Ces médias sociaux devenus le microphone des populations ont un rôle conséquemment immense dans la détermination du niveau des libertés d’expression des personnes.

Lorsqu’ils ne sont qu’une simple interface entre les internautes – sur Twitter : #BlackLivesMatter, #JeSuisCharlie, #RefugeesWelcome, #LoveWins, #IStandWithAhmed… –  ils sont un dispositif de promotion de la liberté d’expression. Les internautes les utilisent donc à leur guise car enfin de compte, n’est-ce pas là, la véritable liberté.

Par contre, lorsqu’ils s’incarnent en filtre se donnant la compétence de tamiser les internautes ainsi que leur opinions et de juger de leurs bien-pensantes afin de décider de ce qu’il convient de diffuser ou pas – ils passent outre leur rôle et se transforment  en autorité de censure. La caricature du grand maître avec son bâillon devient leur nouvelle image.

Si vous avez un jour été victime de censure sur les médias sociaux vous savez  que vous ne pouvez pas dire et écrire sur tout. Vous vous serez vu, vous autocensurer de peur d’être censuré, désactivé ou supprimé des médias sociaux. Vous aurez compris que cette autocensure détruit votre capacité créative et que vous vous laissez consumer par les règles et règlements tellement rigides qu’ils altèrent votre façon de penser.

Le danger de toute censure réside donc au fait que de fil en aiguille ce soit l’individu même qui ne disparaisse. La conscience précédant l’être au même titre que la pensée d’Hegel – et contrairement à celle de Karl Marx qui en donnant la primauté à l’être social, à son existence sur sa conscience ressasse l’idéologie capitaliste où la vie se résumerait qu’à la dimension matérielle – l’individu qui obère sa représentation de la réalité, de ce fait sa conscience pour convenir à une autoflagellation rédhibitoire s’éteint subrepticement.

Se trouve être ici un droit naturel  pour chacune et chacun conformément aux dispositions réglementaires de ne point s’autocensurer de peur d’être censurer.

Sans doute à chaque instant des milliers de publications : créations littéraire, philosophique et sociologique sont supprimées. N’en parlons pas des commentaires et des comptes. Toute œuvre texte, sonore et audiovisuelle qui selon l’attribution des médias sociaux incitant « à la violence et à la haine » est supprimée instantanément.
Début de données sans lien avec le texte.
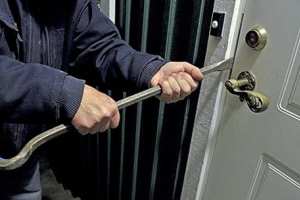 تفكيك  أخطر  عصابة سرقة في تيبازة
Peut-être là une mesure de protection des différentes sensibilités. Mais, loin s’en faut, n’obture-t-elle pas les dispositions traitant de la liberté d’opinion et d’expression ?

L’article 19 de la Déclaration Universelle des Droits de l’Homme du 10 décembre 1948 stipule que : Tout individu a droit à la liberté d’opinion et d’expression, ce qui implique le droit de ne pas être inquiété par ses opinions et celui de chercher, de recevoir et de répandre, sans considérations de frontières, les informations et les idées par quelques moyens d’expression que ce soit. »

Nous entendrons qu’il faut laisser dire et laisser écrire alors même ce pourrait ne pas être de notre sensibilité. Voltaire disait : « Vous proférez, Monsieur, des sottises énormes, mais jusques à la mort, je me battrais pour qu’on vous les laissât tenir ».